TASK REQUIREMENTS
Each line of the records that includes "Size" should be found and copied.

ENTRIES SUPPLIED
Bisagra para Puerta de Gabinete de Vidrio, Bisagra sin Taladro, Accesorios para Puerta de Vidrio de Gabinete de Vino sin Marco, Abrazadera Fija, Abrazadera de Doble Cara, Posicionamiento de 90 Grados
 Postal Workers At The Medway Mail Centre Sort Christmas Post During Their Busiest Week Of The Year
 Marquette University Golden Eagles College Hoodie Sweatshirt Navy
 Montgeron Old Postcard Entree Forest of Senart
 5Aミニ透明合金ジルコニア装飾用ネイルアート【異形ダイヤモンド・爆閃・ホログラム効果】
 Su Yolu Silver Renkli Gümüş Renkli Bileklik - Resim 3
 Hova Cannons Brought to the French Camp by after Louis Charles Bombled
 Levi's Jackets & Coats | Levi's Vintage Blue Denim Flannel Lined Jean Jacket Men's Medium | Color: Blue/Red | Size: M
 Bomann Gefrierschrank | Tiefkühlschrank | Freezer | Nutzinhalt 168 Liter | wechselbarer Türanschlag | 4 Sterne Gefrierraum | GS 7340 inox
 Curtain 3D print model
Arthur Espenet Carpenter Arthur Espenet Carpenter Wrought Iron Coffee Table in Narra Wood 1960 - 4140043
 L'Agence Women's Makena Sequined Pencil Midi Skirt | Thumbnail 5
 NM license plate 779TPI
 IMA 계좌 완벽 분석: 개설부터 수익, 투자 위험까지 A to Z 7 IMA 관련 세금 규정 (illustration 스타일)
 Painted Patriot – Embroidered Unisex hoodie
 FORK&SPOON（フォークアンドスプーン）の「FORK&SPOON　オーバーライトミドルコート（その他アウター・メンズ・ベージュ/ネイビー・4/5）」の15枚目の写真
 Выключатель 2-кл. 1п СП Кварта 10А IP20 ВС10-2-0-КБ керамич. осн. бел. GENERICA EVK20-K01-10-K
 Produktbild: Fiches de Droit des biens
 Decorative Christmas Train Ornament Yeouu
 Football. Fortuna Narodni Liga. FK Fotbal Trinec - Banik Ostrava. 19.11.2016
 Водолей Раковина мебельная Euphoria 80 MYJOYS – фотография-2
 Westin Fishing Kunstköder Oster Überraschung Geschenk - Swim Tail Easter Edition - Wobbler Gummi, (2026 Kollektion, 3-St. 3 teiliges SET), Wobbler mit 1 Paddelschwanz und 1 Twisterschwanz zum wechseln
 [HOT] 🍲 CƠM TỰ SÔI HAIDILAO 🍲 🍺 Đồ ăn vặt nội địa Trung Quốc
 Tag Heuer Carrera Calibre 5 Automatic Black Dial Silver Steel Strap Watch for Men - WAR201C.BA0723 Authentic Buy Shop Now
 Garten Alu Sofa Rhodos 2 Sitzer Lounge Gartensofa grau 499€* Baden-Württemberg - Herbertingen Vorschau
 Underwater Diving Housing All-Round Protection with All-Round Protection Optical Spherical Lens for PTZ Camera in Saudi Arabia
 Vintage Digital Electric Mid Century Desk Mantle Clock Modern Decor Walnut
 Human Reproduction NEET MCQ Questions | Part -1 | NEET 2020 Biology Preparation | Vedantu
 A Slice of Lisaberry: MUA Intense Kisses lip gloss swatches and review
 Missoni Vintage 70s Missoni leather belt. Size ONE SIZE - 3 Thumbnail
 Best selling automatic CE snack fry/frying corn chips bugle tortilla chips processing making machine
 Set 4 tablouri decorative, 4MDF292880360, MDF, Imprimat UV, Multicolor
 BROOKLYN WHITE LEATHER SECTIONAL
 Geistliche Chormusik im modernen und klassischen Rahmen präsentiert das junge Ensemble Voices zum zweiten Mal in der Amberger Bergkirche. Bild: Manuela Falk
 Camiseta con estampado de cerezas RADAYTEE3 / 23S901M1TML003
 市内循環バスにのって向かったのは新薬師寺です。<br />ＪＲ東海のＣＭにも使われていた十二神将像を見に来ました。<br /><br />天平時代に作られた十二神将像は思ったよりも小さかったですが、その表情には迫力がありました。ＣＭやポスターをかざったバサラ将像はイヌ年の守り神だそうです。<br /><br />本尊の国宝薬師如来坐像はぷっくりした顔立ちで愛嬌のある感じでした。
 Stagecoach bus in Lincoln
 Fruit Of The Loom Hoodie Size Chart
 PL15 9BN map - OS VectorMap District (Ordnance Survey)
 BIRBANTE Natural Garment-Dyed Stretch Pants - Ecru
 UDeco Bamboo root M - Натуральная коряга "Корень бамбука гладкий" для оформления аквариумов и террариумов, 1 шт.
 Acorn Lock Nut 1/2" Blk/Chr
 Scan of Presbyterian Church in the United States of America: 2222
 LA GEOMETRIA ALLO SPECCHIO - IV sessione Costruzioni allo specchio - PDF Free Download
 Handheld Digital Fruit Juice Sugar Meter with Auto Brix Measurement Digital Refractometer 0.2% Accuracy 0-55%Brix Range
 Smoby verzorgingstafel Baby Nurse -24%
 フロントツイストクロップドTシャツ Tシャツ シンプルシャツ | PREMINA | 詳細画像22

RESPONSE AREA
 Levi's Jackets & Coats | Levi's Vintage Blue Denim Flannel Lined Jean Jacket Men's Medium | Color: Blue/Red | Size: M
 Missoni Vintage 70s Missoni leather belt. Size ONE SIZE - 3 Thumbnail
 Fruit Of The Loom Hoodie Size Chart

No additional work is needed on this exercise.